The light of so many hot young stars allows us to see COS-87259 despite its immense distance, but another source of luminosity is the large and growing supermassive black hole at its core, estimated to be as massive as 1.6 billion Suns. It is this that is the focus of a paper in the Monthly Notices of the Royal Astronomical Society. The authors think COS-87259’s active galactic nucleus could be key to understanding the evolution of the immensely massive black hole at the heart of most galaxies.
Supermassive black holes from the early universe have been seen for decades – indeed for a long time, they were the only thing we could see that far back. Known as quasars, they are black holes that are actively feeding on surrounding material and producing jets largely unhidden by dust. This combination makes them visible over immense distances, yet even quasars are seldom found at distances as great as COS-87259. We only average one discovery for 3,000 square degrees.
COS-87259, on the other hand, is very obscured by dust (about 2 billion solar masses of it) and consequently wouldn’t have been detectable with most prior sky surveys. Consequently, the interesting thing to astronomers is how quickly we found it once we had the capacity. The COSMOS search only studied an area of about 1.5 deg2, seven times the apparent size of the full Moon, and turned up COS-87259. Either objects like this are actually quite common – at least compared to quasars at the same distance – or astronomers got exceptionally lucky in their choice of where to look first.
At an estimated 170 billion solar masses, COS-87259 (around a seventh of the Milky Way) has assembled remarkably fast in such a short time.

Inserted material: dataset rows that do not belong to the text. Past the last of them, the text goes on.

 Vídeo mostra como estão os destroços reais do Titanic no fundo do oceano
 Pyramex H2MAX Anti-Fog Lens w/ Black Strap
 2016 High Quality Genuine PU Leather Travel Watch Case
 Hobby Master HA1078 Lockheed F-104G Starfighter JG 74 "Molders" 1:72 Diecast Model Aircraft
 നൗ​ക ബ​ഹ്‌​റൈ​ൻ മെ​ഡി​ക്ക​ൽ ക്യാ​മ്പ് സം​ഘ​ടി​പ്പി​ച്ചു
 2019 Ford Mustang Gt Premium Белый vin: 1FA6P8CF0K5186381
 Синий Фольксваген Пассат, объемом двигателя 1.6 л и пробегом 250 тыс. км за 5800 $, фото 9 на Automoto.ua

The way a few galaxies got so big so fast is becoming quite a problem for cosmology.
“These results suggest that very early supermassive black holes were often heavily obscured by dust, perhaps as a consequence of the intense star formation activity in their host galaxies,” said Dr Ryan Endsley of the University of Texas at Austin in a statement. “This is something others have been predicting for a few years now, and it’s really nice to see the first direct observational evidence supporting this scenario.”

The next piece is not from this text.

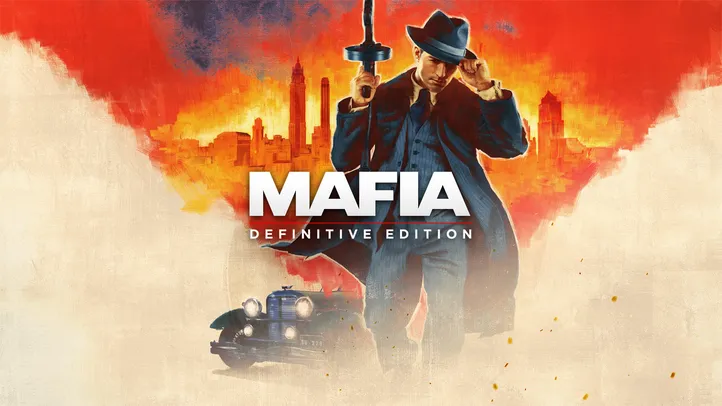 [PC] Mafia: Definitive Edition | R$98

The authors think what we are seeing is an early version of Arp 299, a pair of galaxies whose collision has set off an intense burst of star formation and created numerous “ultra-luminous X-ray sources”.
“While nobody expected to find this kind of object in the very early Universe, its discovery takes a step towards building a much better understanding of how billion solar mass black holes were able to form so early on in the lifetime of the Universe, as well how the most massive galaxies first evolved,” Endsley said.
Surveys of much larger areas of the sky capable of detecting objects like this are coming and should tell us whether they were indeed common in the early universe or if finding COS-87259 was a fluke.
The paper is published in Monthly Notices of the Royal Astronomical Society.